The body is still warm – still breathing, indeed – but the historical revisionism has already begun. China Daily reports that Chief Executive Donald Tsang believes he did a wonderful job, and adds that this is surely so, thanks of course to Beijing’s assistance in developing Hong Kong as a Renminbi blah-blah hub. Despite having to abandon his earlier arrangement with a property tycoon’s luxury apartment over the border, Sir Bow-Tie is, I am reliably informed, still determined to retire to Shenzhen, where he can expect this sort of glowing coverage whenever he wants it.

Several years ago, officials in Shenzhen drew a small box on a map of the Western part of their city and proclaimed that it would be an international financial global mega-hub zone. Hong Kong officials, in their usual pathetic desperation to give Mainland counterparts face, traipsed up there to sign meaningless agreements on cooperation and partnership. Then, more recently, Beijing essentially told the uppity Shenzhen cadres that they weren’t going to be getting any special privileges on foreign exchange or tax, so they should just forget the mega-hub zone scheme and go back to churning out fake Hello Kitty phones. And we assumed that was that.

But no. It’s back. We can assume that this has nothing to do with Donald’s imminent relocation to Shenzhen, but quite a lot to do with the arrival in Government House of CY Leung in just over a week. The Qianhai Shenzhen-Hong Kong Modern Service Industry Cooperation Zone has been given some sort of ‘national strategic importance’ classification.

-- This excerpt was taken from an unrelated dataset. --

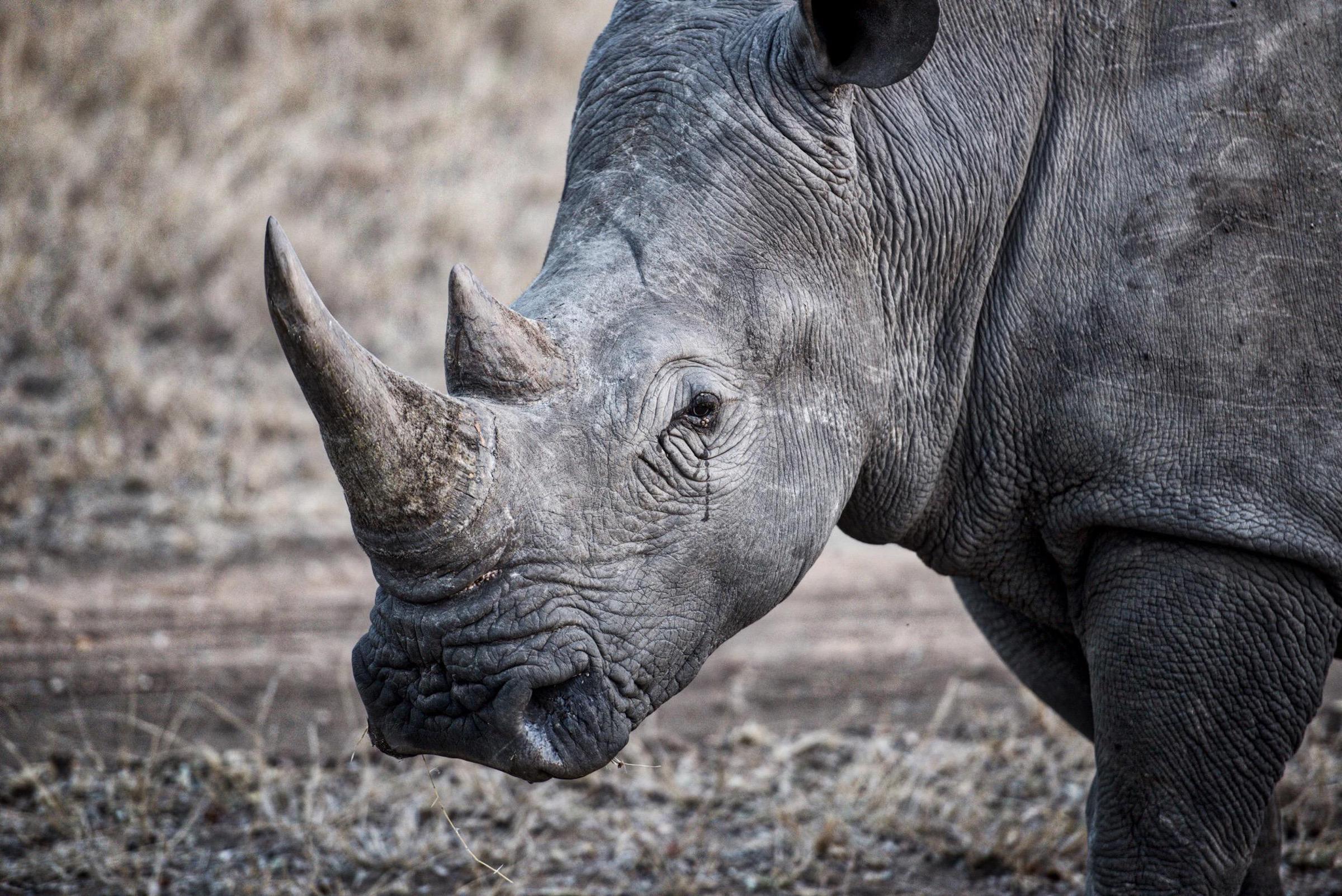 High price of rhino horn leaves bloody trail across the globe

Among the ridiculous ideas being spouted by grasping Mainland officials and Hong Kong hangers-on:

  • Individual Mainland investors to be allowed to access Hong Kong securities markets via (of course) Qianhai (the old Tianjin ‘through train’ wall-of-money thing).
  • All Hong Kong’s banks and brokerages, plus the stock exchange, to set up branches in (you guessed it) Qianhai.
  • Hong Kong Exchanges & Clearing to relocate its newly acquired London Metals Exchange to (yup) Qianhai.
  • Tons of blather about Yuan-denominated offshore/onshore sounds-like-money-laundering RMB hub zone blah-blah stuff, all taking place in (obviously) Qianhai.

Qianhai, for the record, is a patch of concrete-covered wasteland up the road from a container port. Whether CY Leung will rush up to Beijing and beg the national leadership to exempt the area from foreign exchange controls and other tools of economic control vital to a centrally planned, one-party state is unlikely. But maybe they think it’s worth a try.

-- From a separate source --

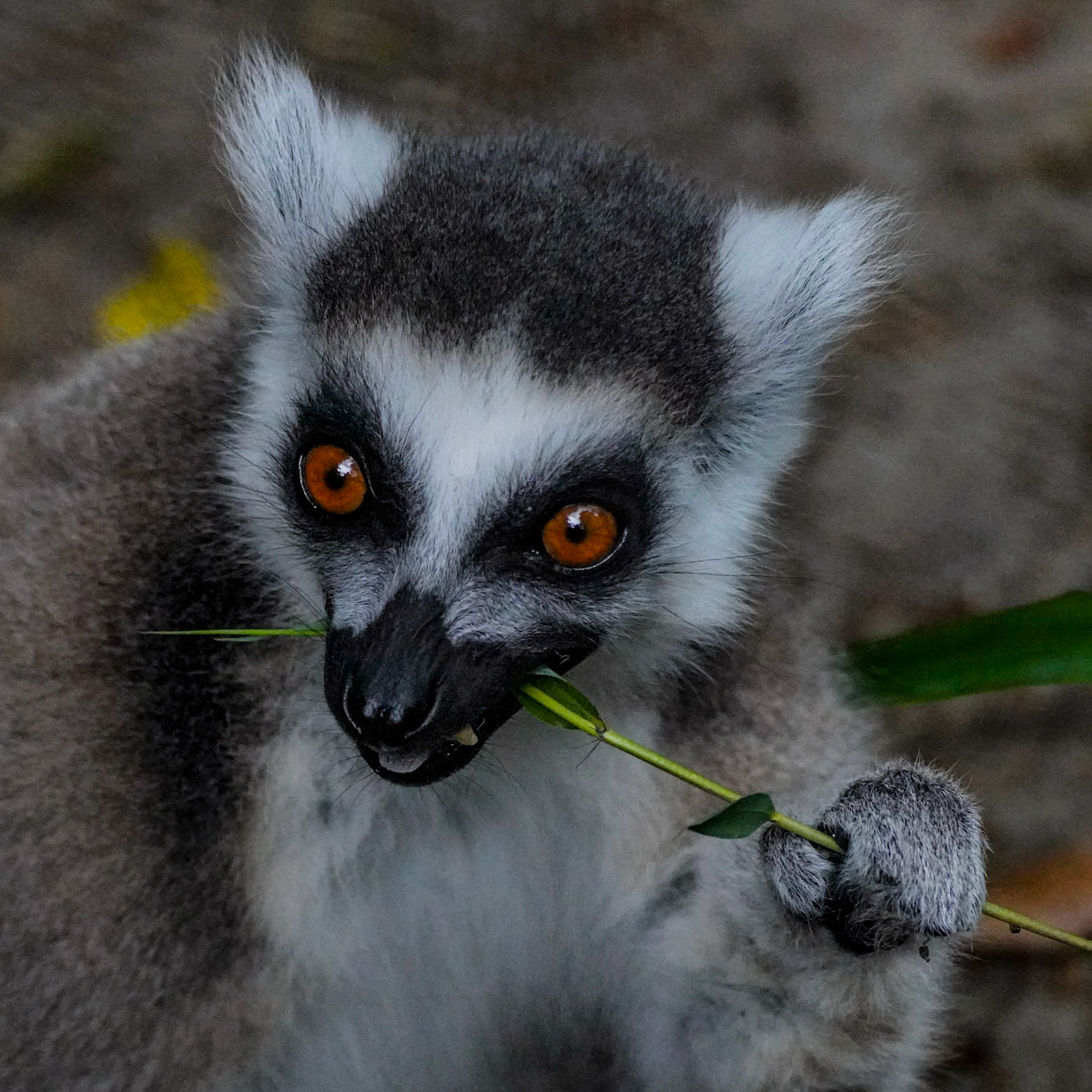 Ring-tailed Lemurs - The Netherlands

For one thing, CY will be too busy sweating the small stuff. His proposed rearrangement of government furniture failed to continue its tortuous progress through the Legislative Council yesterday. The Standard describes lawmakers who should have been there to help him but weren’t as ‘pro-establishment’. Which they are – but as we see, that doesn’t mean pro-CY. Functional constituency representatives like Timothy Fok and David Li are yesterday’s men, but supporters of the Henry Tang old guard will remain on the scene for some time. Meanwhile, the pan-democrats (with a few exceptions) are too inept to see the obvious opportunity that CY’s alternative ‘establishment’ offers them.

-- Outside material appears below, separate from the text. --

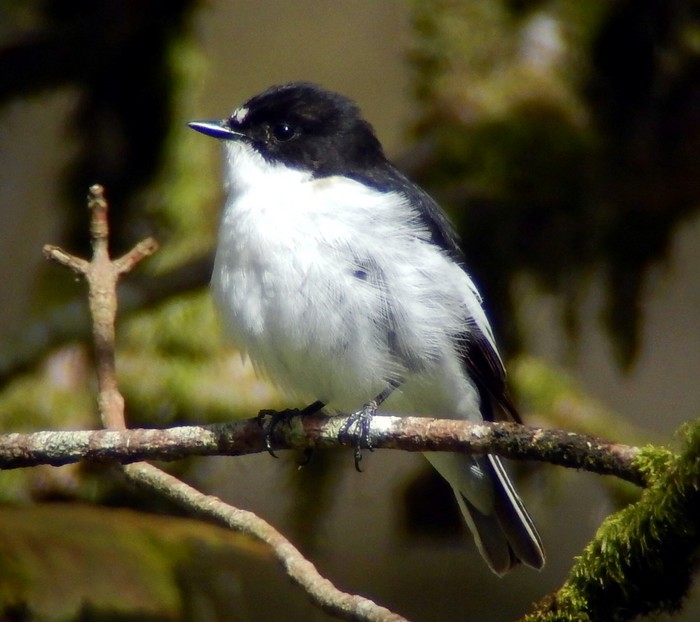 Pied Flycatcher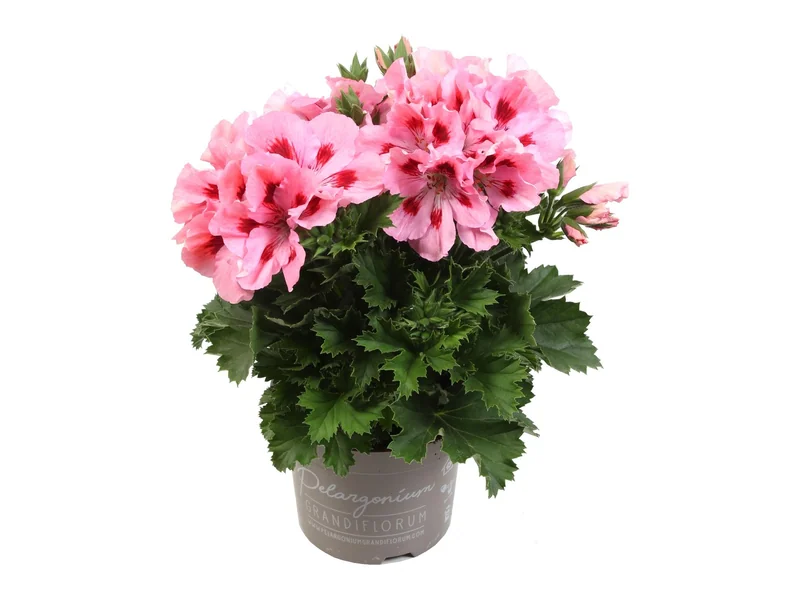 Elegance Fenna — Pelargonium Grandiflorum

CY is making it known that his priorities on taking office will be housing, housing, welfare and housing. A populist doesn’t need a Culture Bureau to do that, and he should just get on with it. What will his approval ratings be on the day he goes round to some impoverished family in a subdivided slum to help them pack their bags and move out?

That’s after he’s removed his illegal structure, of course. I knew he was human.

As the Hong Kong Tree Team trundles through my neighbourhood after hearing rumours that a large woody perennial exists in the area, I declare the weekend open – with a gasp of disbelief as I find some vile boorish oaf of a cad is daring to question the saintliness of handsome and virile Wikileaks founder Julian Assange. Is there no end to this heresy?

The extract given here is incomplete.